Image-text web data
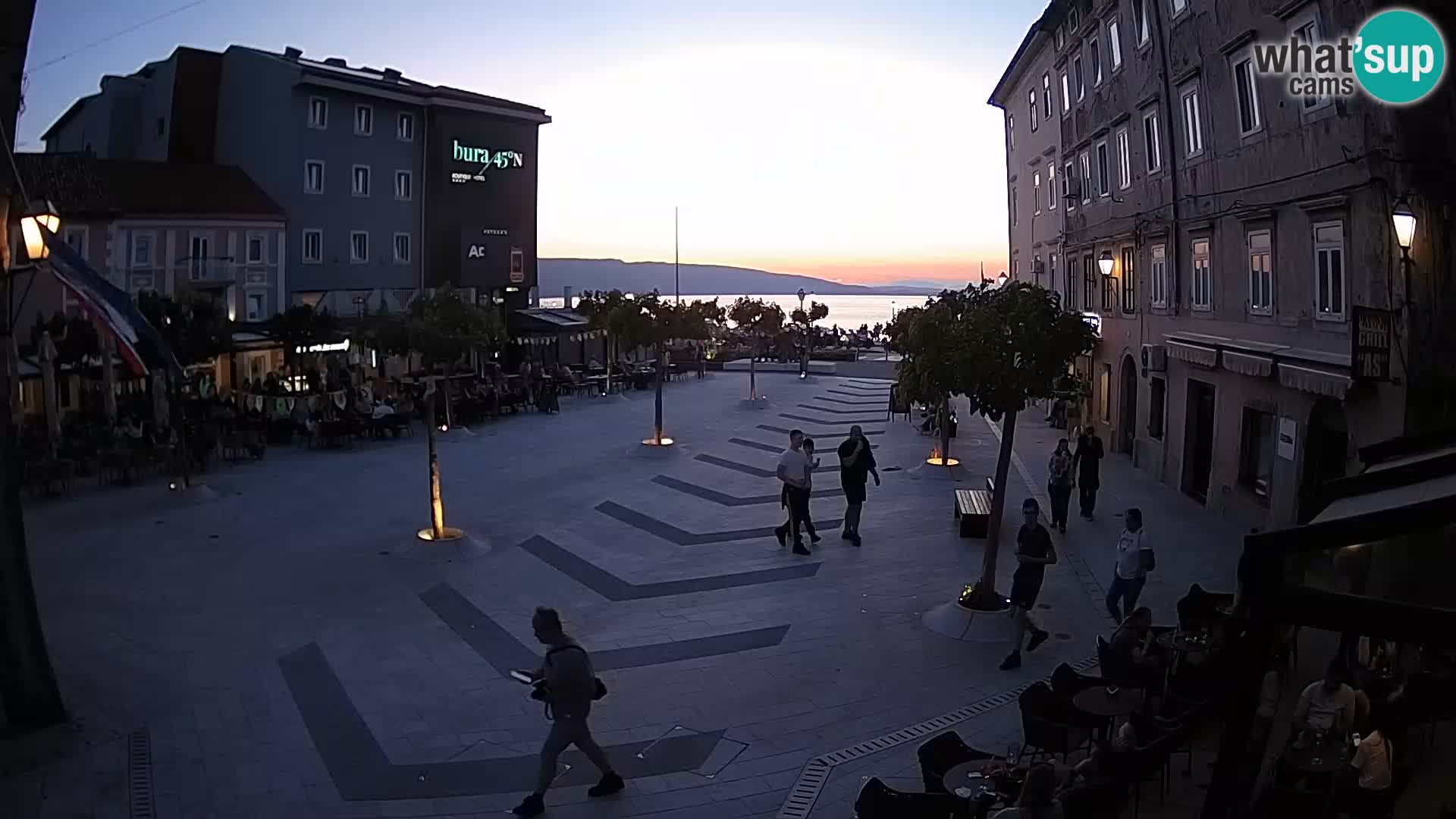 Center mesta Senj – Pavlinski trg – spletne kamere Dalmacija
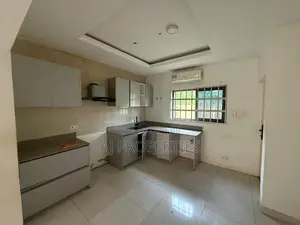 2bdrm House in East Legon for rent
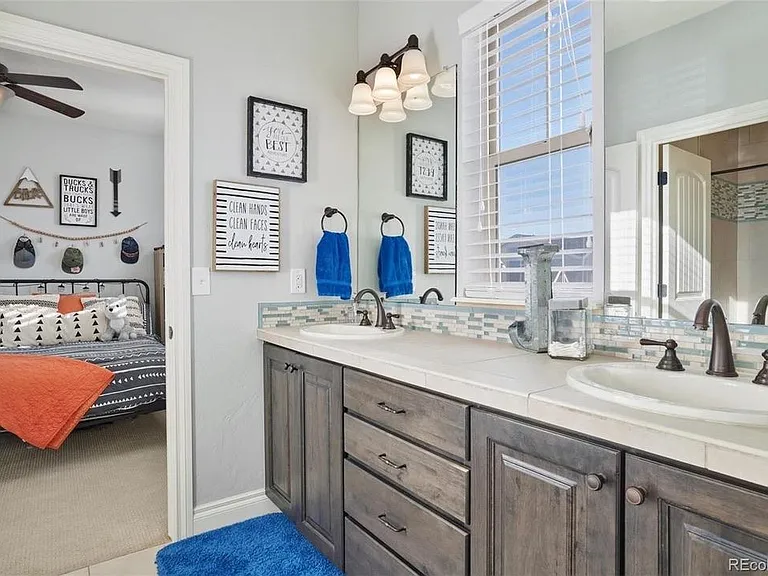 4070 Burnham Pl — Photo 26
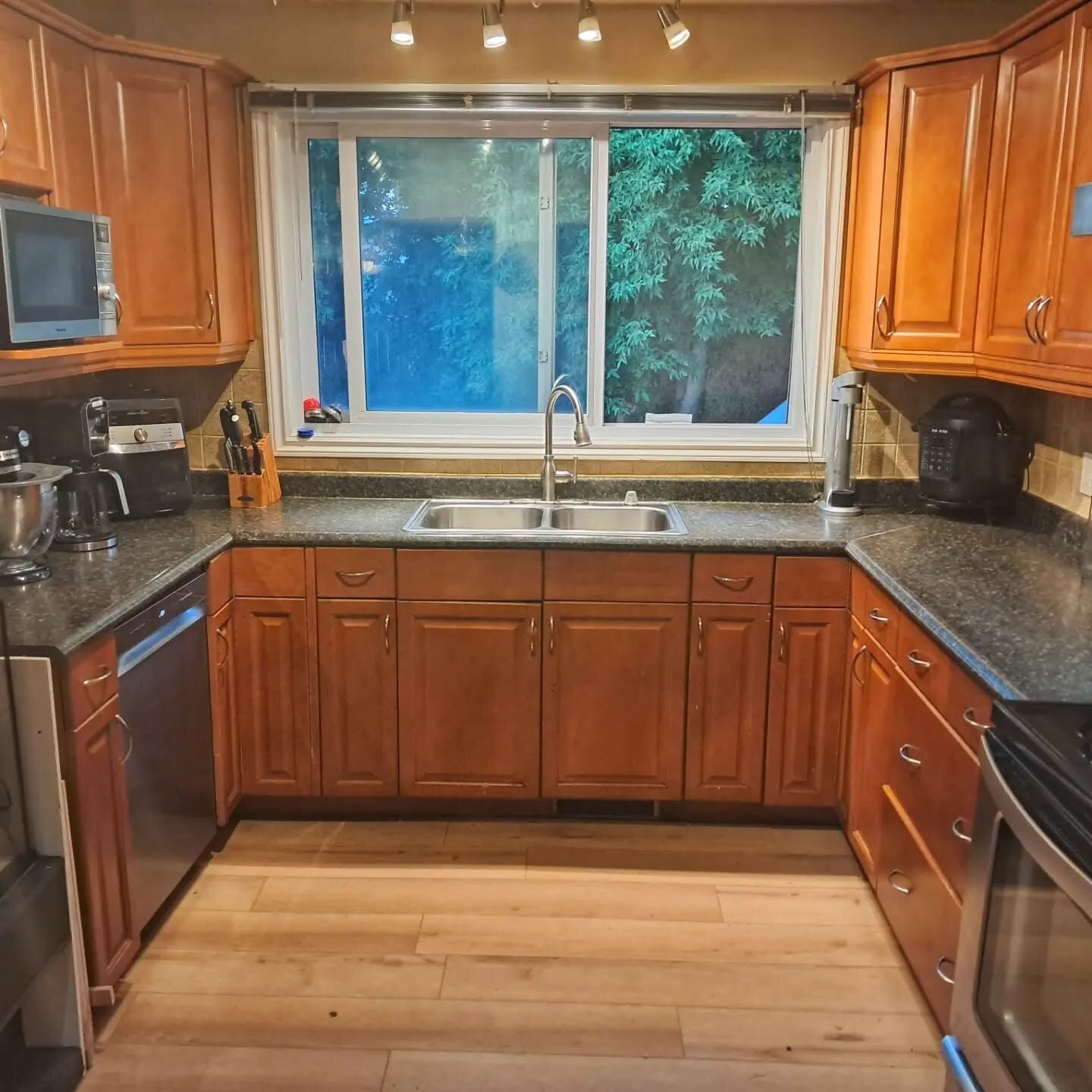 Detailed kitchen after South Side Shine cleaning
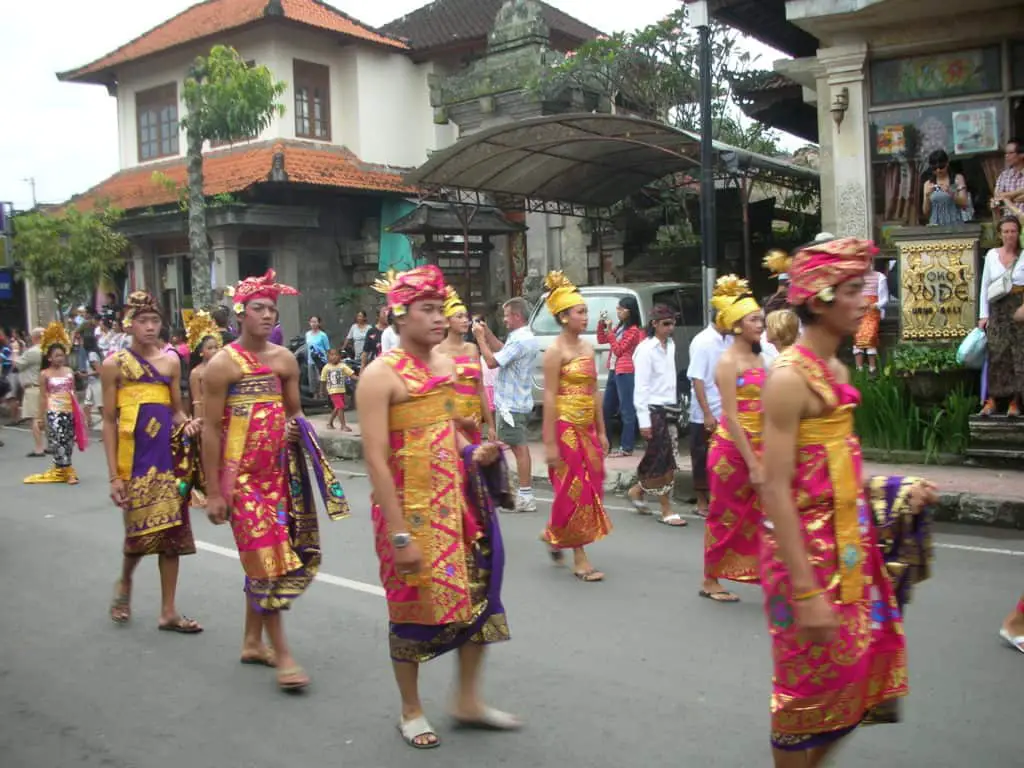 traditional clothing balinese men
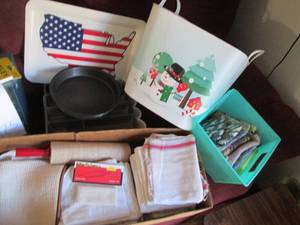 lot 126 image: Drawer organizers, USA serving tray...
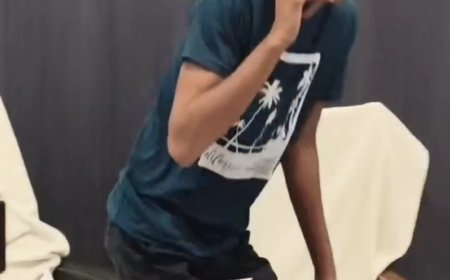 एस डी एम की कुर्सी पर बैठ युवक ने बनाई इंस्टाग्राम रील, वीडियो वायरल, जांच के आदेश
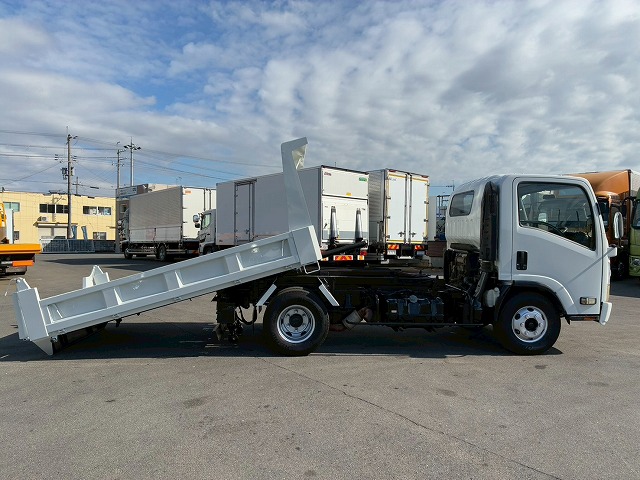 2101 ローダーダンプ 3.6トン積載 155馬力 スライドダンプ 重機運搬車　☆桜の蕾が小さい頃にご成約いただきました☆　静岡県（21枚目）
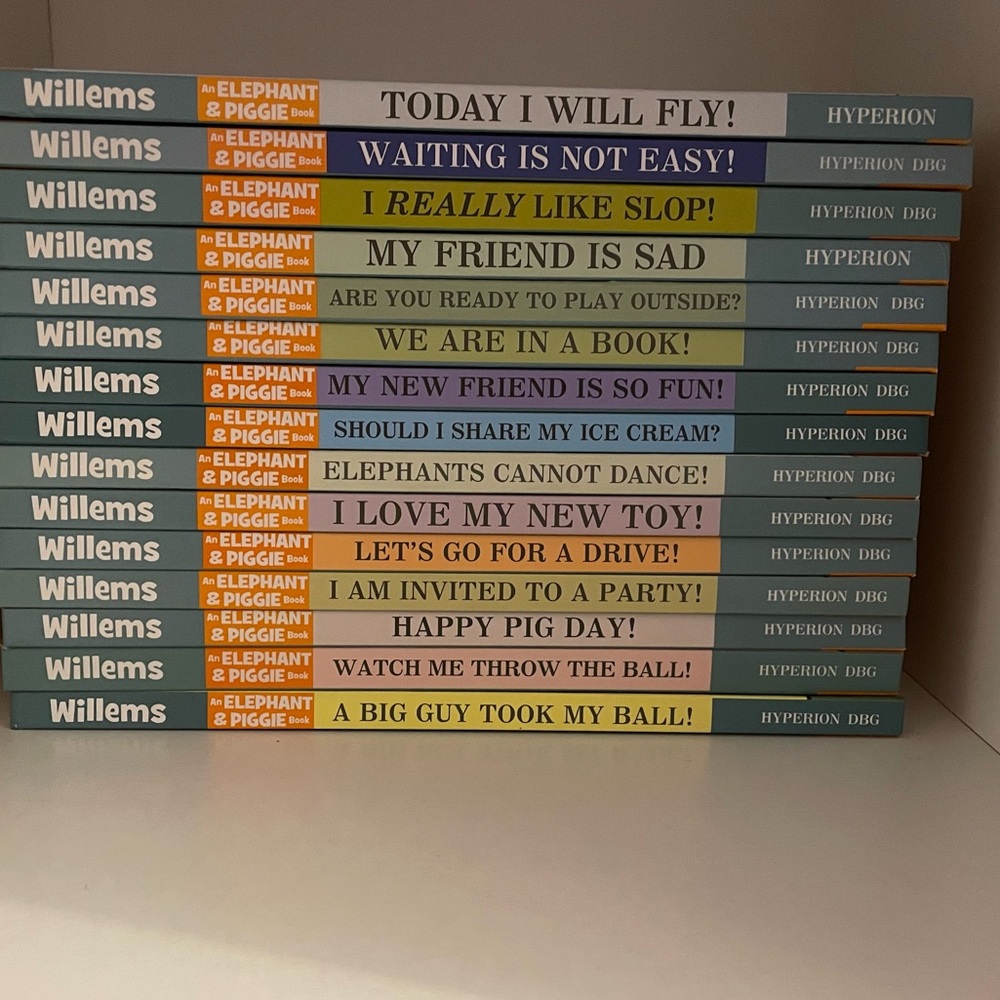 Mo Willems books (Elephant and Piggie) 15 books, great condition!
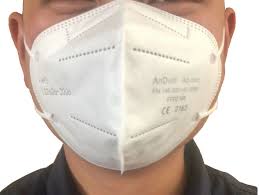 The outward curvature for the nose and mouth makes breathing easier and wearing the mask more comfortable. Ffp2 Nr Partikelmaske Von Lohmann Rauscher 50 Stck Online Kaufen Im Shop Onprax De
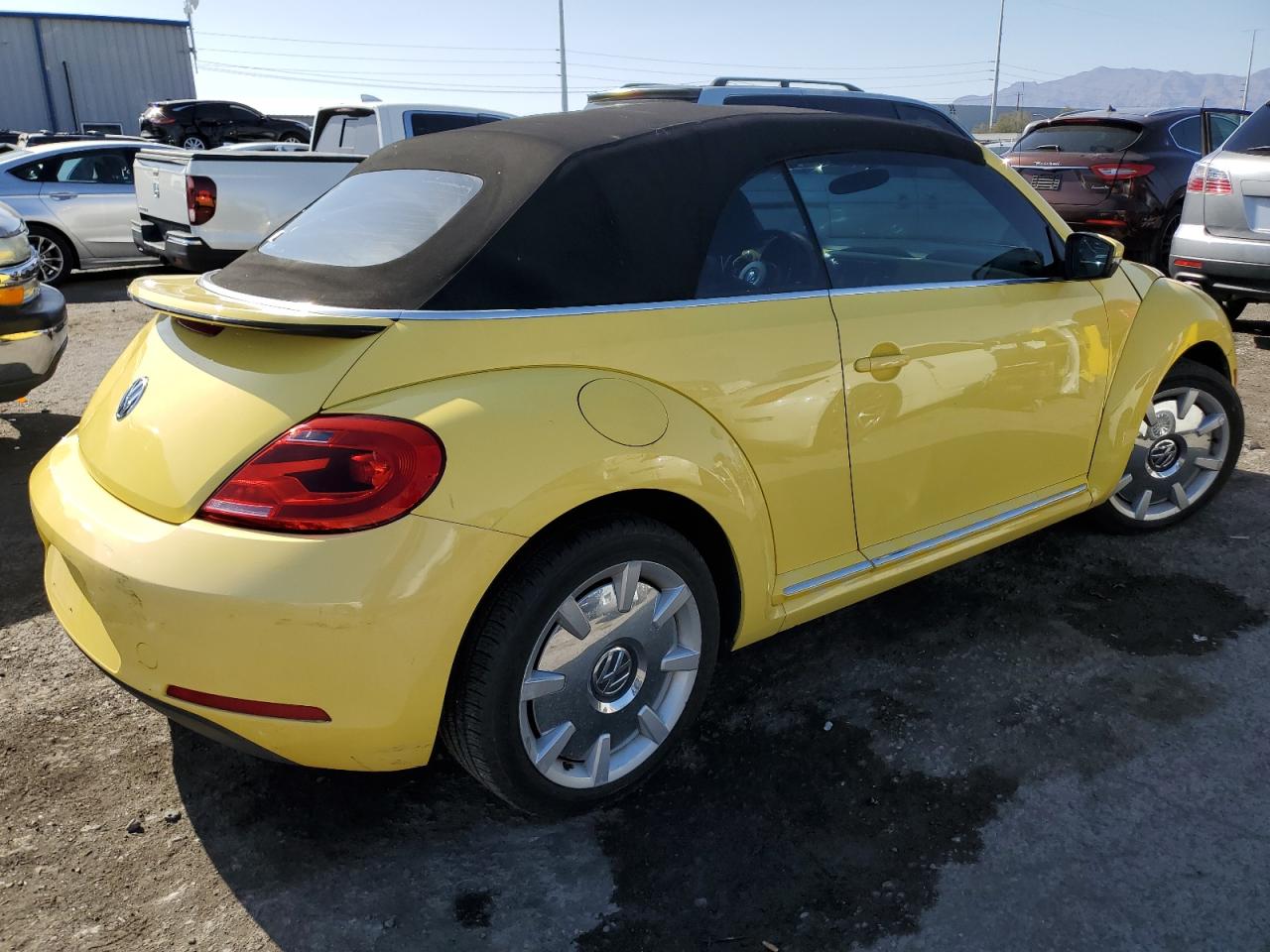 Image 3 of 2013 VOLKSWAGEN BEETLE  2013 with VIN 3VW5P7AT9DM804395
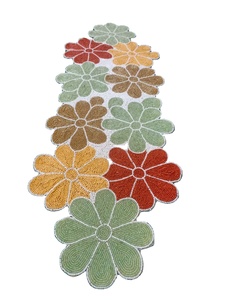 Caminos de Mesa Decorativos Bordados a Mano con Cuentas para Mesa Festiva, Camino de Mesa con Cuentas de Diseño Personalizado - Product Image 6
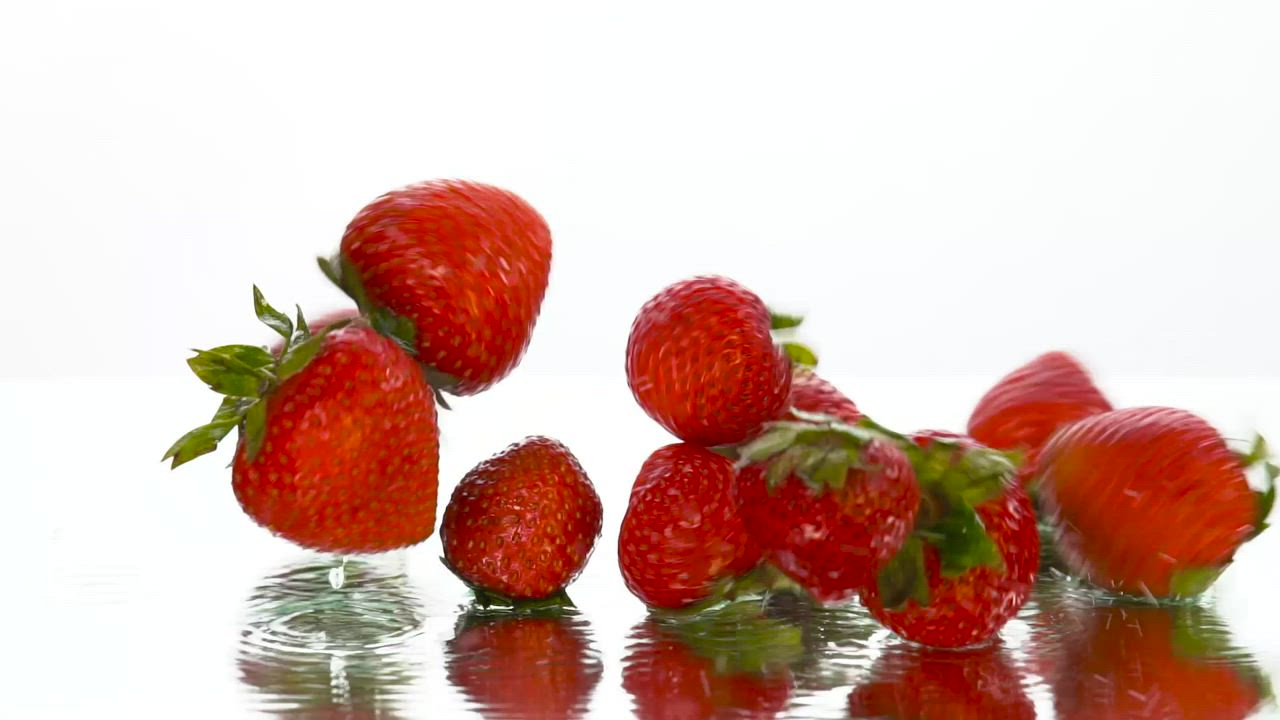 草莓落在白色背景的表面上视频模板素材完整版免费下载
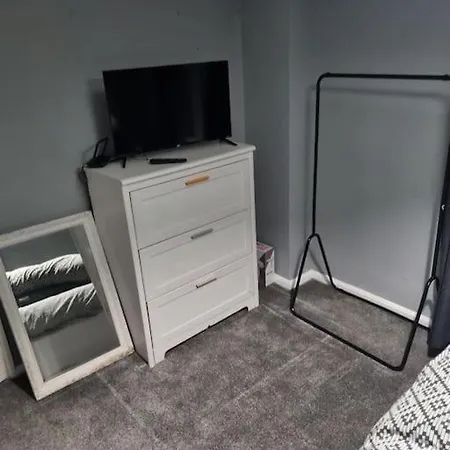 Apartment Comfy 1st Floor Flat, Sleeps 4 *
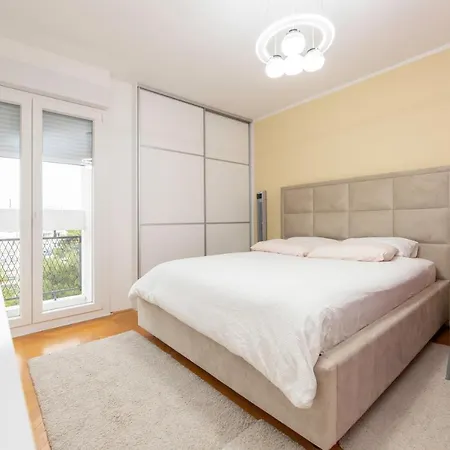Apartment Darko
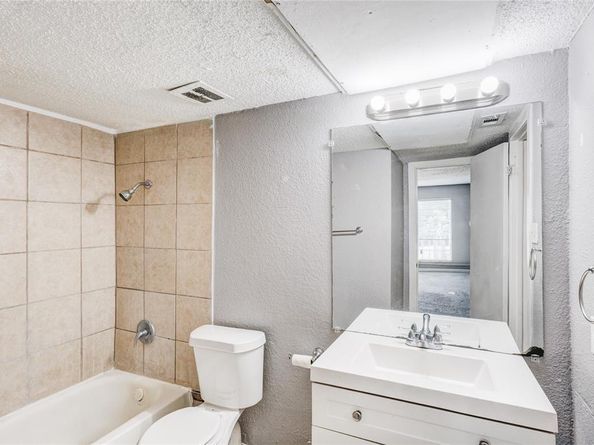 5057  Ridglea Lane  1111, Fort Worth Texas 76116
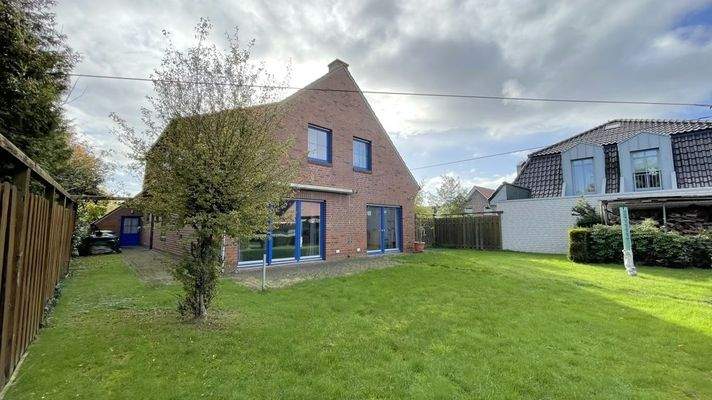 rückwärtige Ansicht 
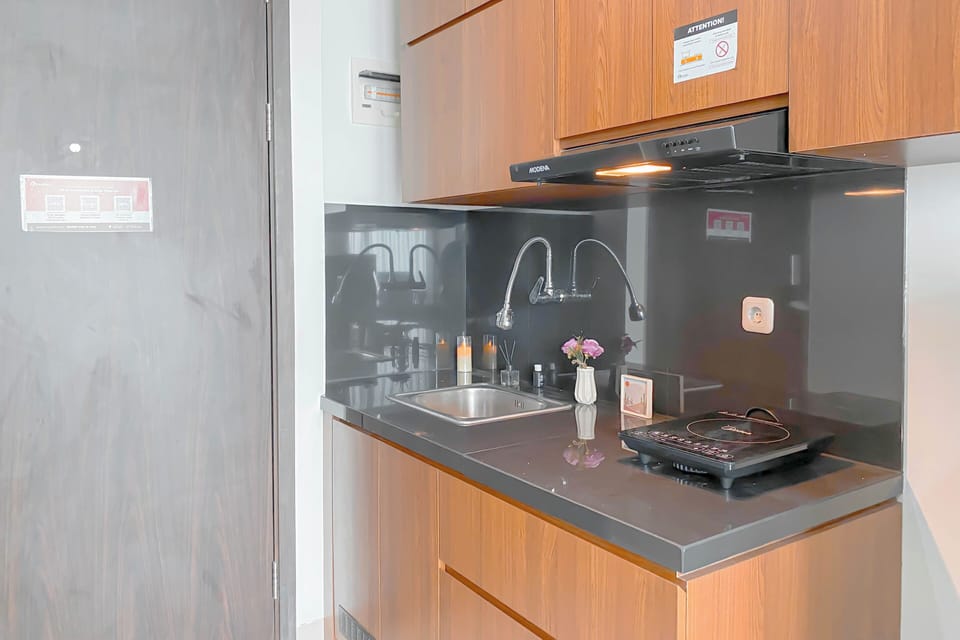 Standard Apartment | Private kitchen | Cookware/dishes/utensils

## What you need to do
Write out word for word every line from the line with "Worth Texas 76116" through the final line of the records, both included, skipping the pictures.

## Solution
 5057  Ridglea Lane  1111, Fort Worth Texas 76116
 rückwärtige Ansicht 
 Standard Apartment | Private kitchen | Cookware/dishes/utensils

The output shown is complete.